So I'm calling the painting phase finished.

I've add some very random stowage and done a bit chipping on the pre-shaded one and a lot on the black based one. Not done any at this scale and so deliberately tried to see how far I could push on the black based one, as this is going to be a very well used tank - as you'll see it went to far but that was almost the point as having three kits to play with gives me room for experimentation.

By contrast the plain grey primer base, will represent one that's newly entered service and so will be much cleaner. As a result the hedgerow cutter*** has been painted to (hopefully) represent a newly attached one.

The tarp in the middle (pre-shaded) one, was made using the PVA and paint mix demo'd by Paul aka Scottie. It works really well IMHO and you're left with a square of coloured plastic which is just attached with superglue. The rest of the stowage is obviously looking a bit fresh but I'll calm that down with some weathering.

I really struggled to get the shots to show the right colour green.
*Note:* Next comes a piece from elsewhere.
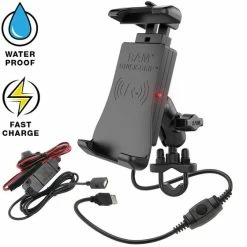 RAM Mounts Quick-Grip Waterproof Wireless Charging Handlebar Mount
Inside shots, not quite green enough.....outside too green.....sorry.

Also, as always the dreaded digital camera has picked up more than you can see with the naked eye, especially with the well worn one. :disappointed2: :anguished: :crying:

ACW as usual.

ATB

Andrew

***I accept that the chances of them being fitted is pretty remote as we've discussed previously. That said, I was flick through an Osprey/David Fletcher book on the Firefly at Duxford yesterday and that showed a picture of a Firefly with one fitted.